InternBootcamp/internbootcamp/bootcamp/dcompletetripartite/dcompletetripartite.py

"""# 

### 谜题描述
You have a simple undirected graph consisting of n vertices and m edges. The graph doesn't contain self-loops, there is at most one edge between a pair of vertices. The given graph can be disconnected.

Let's make a definition.

Let v_1 and v_2 be two some nonempty subsets of vertices that do not intersect. Let f(v_{1}, v_{2}) be true if and only if all the conditions are satisfied:

  1. There are no edges with both endpoints in vertex set v_1. 
  2. There are no edges with both endpoints in vertex set v_2. 
  3. For every two vertices x and y such that x is in v_1 and y is in v_2, there is an edge between x and y. 



Create three vertex sets (v_{1}, v_{2}, v_{3}) which satisfy the conditions below;

  1. All vertex sets should not be empty. 
  2. Each vertex should be assigned to only one vertex set. 
  3. f(v_{1}, v_{2}), f(v_{2}, v_{3}), f(v_{3}, v_{1}) are all true. 



Is it possible to create such three vertex sets? If it's possible, print matching vertex set for each vertex.

Input

The first line contains two integers n and m (3 ≤ n ≤ 10^{5}, 0 ≤ m ≤ min(3 ⋅ 10^{5}, (n(n-1))/(2))) — the number of vertices and edges in the graph.

The i-th of the next m lines contains two integers a_{i} and b_{i} (1 ≤ a_{i} < b_{i} ≤ n) — it means there is an edge between a_{i} and b_{i}. The graph doesn't contain self-loops, there is at most one edge between a pair of vertices. The given graph can be disconnected.

Output

If the answer exists, print n integers. i-th integer means the vertex set number (from 1 to 3) of i-th vertex.
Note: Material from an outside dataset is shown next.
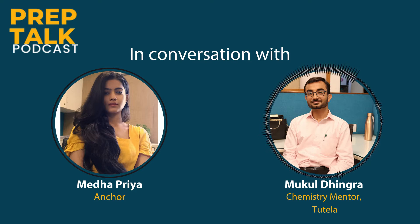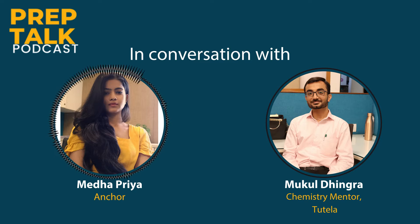I'm good, Medha. How about you? I'm good too. Welcome back to the podcast. It's so nice to be back here. Okay sir, so let's start with our AP questions. First of all, can you please tell us something about AP Chemistry?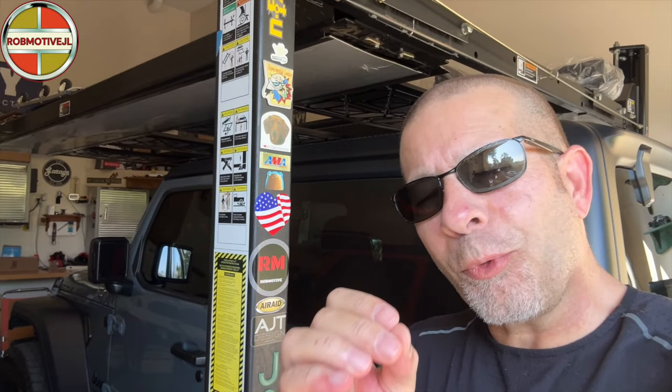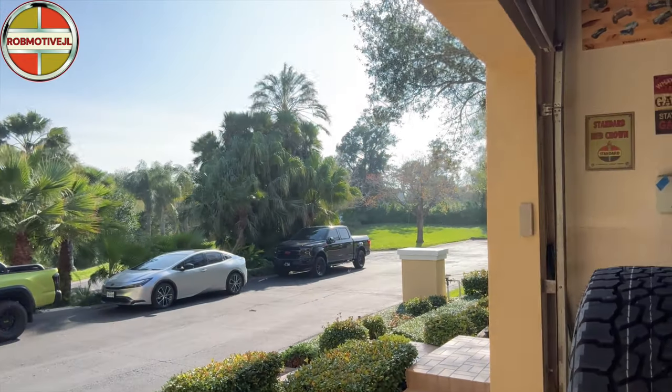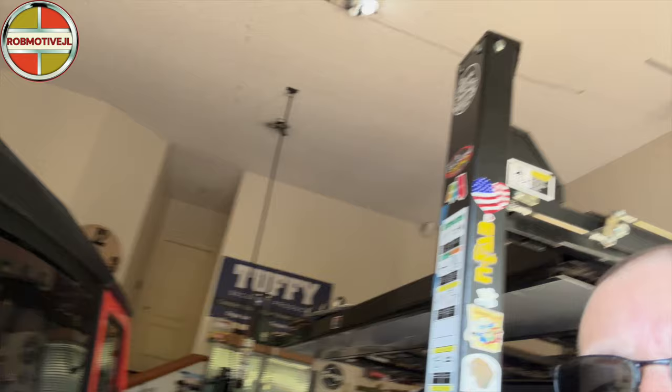Let's find out how the new Jeep Wrangler two-door handles in the wind. Mother Nature has given us a very windy day — wind gusts up to, I believe, 55 or 65 miles an hour. So I can't think of a better time to see how the Wrangler handles than today.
Otherwise, print -1.

If there are multiple answers, print any.

Examples

Input


6 11
1 2
1 3
1 4
1 5
1 6
2 4
2 5
2 6
3 4
3 5
3 6


Output


1 2 2 3 3 3 

Input


4 6
1 2
1 3
1 4
2 3
2 4
3 4


Output


-1

Note

In the first example, if v_{1} = \{ 1 \}, v_{2} = \{ 2, 3 \}, and v_{3} = \{ 4, 5, 6 \} then vertex sets will satisfy all conditions. But you can assign vertices to vertex sets in a different way; Other answers like \"2 3 3 1 1 1\" will be accepted as well.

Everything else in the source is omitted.